Healthy Children, Healthy Planet is designed as a reading and discussion group that examines the pervasive effects of advertising, media, and how our consumer culture can influence a child’s view of the world. Along the way, it promises to discover ways to create meaningful family times and healthful environments for children, to explore ways to develop a child’s connection to nature, and to foster creativity.
Every participant is given a workbook with readings and some questions to think about. Then, each week, we come together and talk. It sounds kind of Koombayah, but the truth is, the readings are insightful and thought-provoking — like whether or not parents deserve a Parental Bill of Rights to protect their kids from commercial influences, and how we, as parents, can stop modeling consumerism to our kids (because yeah, most of us do).— and our first week’s discussion was grounded and practical.
Here is the best thing about the program, though — the very, very best thing: When you do it, you will find others like yourself. You’ll find that others are wrestling with some of the same pressures — from a 12-year-old child begging for a cell phone, to a 5-year old that begs for candy in her lunchbox so she can be “like all the other kids,” to the discomfort we feel when we see little girls embracing doe-eyed, blatantly sexual Bratz dolls.
You’ll start to be aware of certain trends, too: movies that invariably show parents as fools and children as the wise ones (a message that surely undermines a parent’s authority).
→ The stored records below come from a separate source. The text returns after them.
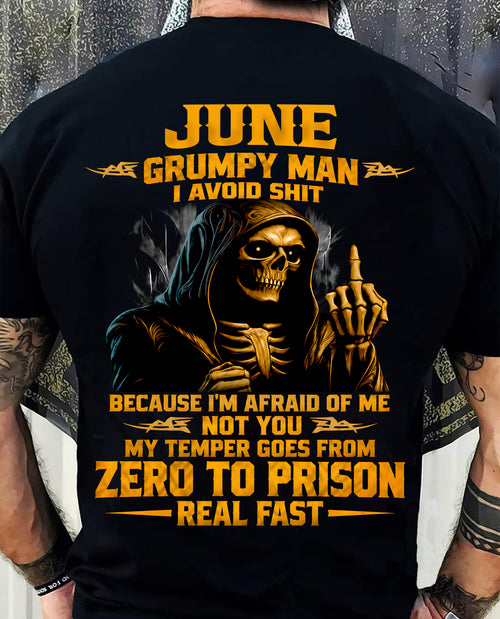 JUNE - GRUMPY MAN — I AVOID SHIT BECAUSE I'M AFRAID OF MY TEMPER - SHIRT FOR MEN - LUNA06 (SKU2609-368-06)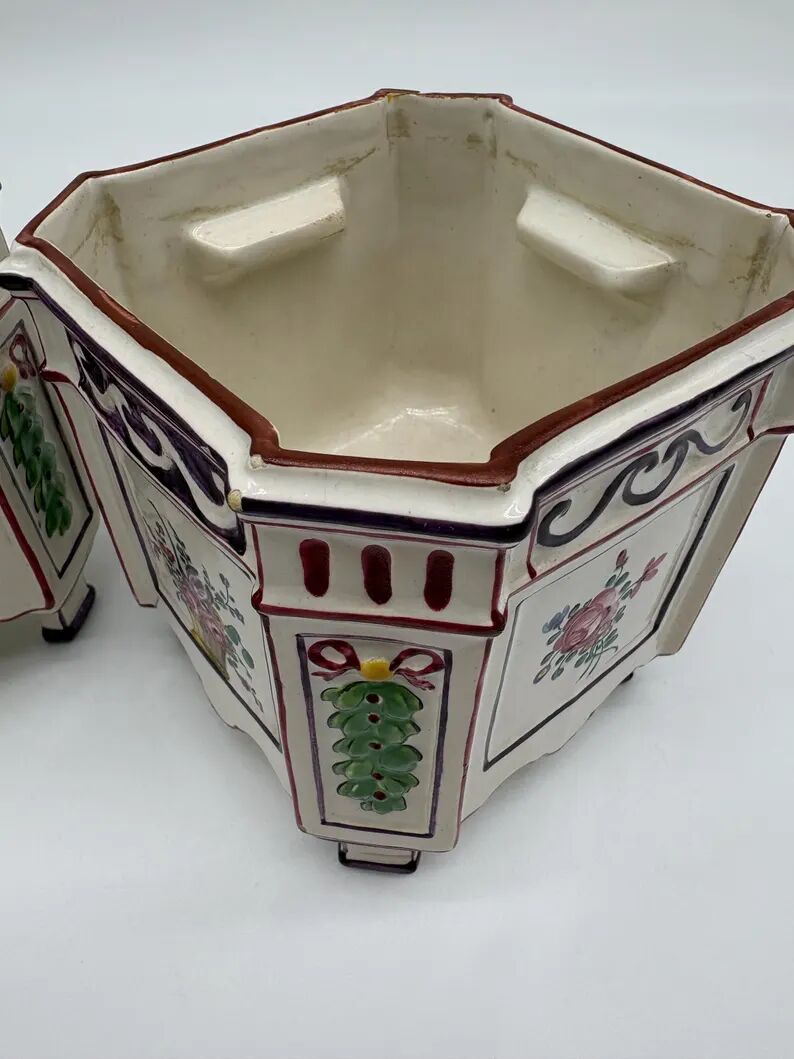 Pair of onion pots Samson 19th century Polychrome earthenware Strasbourg style Antique cache pots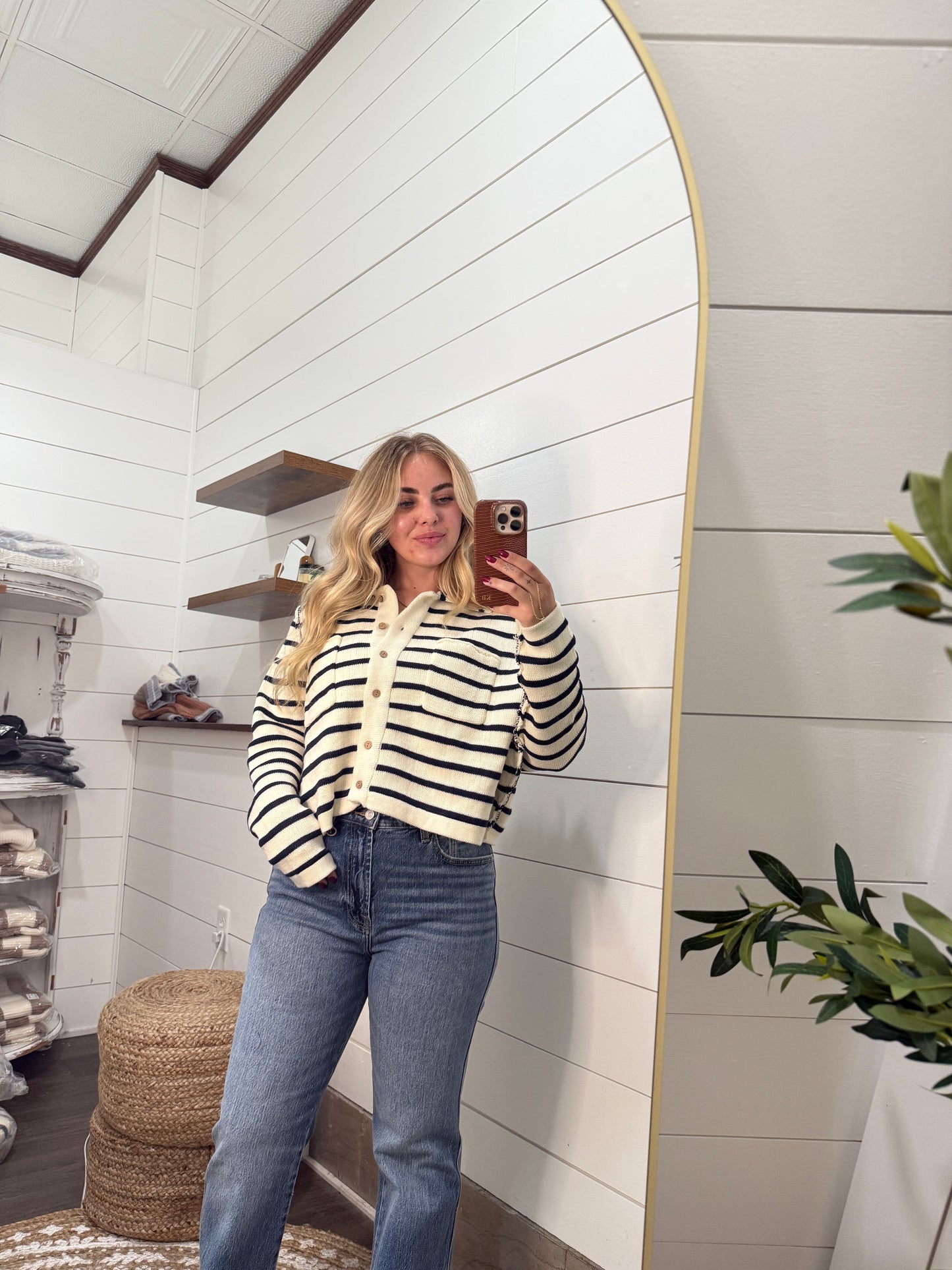 Collared Striped Sweater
Or the expectation that children should be separated from parents nearly all the time — whether it’s through large finished basements filled with toys and utterly distinct from the “adult” places in the home, or through the endless stream dance classes and swimming lessons and science school and soccer practices that keep us from meaningful family time.
For the first time, perhaps, you’ll start to see some of your own struggles not as conflict between you and your child, but as a larger fight. And you won’t feel nearly as alone.
If Week One was any indication, it’s going to be a fantastic program. The Northwest Earth Institute offers other discussion guides, as well — Voluntary Simplicity, Choices for Sustainable Living, Exploring Deep Ecology, Discovering a Sense of Place, Globalization and Its Critics, Global Warming: Changing CO2urse. All courses are designed for small groups.



[…] Related posts: Healthy Children, Healthy Planet Week One […]
[…] Related posts: Healthy Children, Healthy Planet Week One […]
What a wonderful study! My Son is only 2 years old, but I think about this all the time. Marketing definately targets children, and we absolutely do need to protect them. I agree with you about McDonalds, and as long as I can control it, my Son will never step foot in one either!
I even worry about going to the Zoo. I don’t want my Son to think that the habitats (cages) there are natural. I prefer to take him to nature reserves and wildlife sanctuaries.
Unfortunately, my husband is so far gone and has been brainwashed, resulting in not noticing or questioning these things. He thinks I am nuts, but I know better.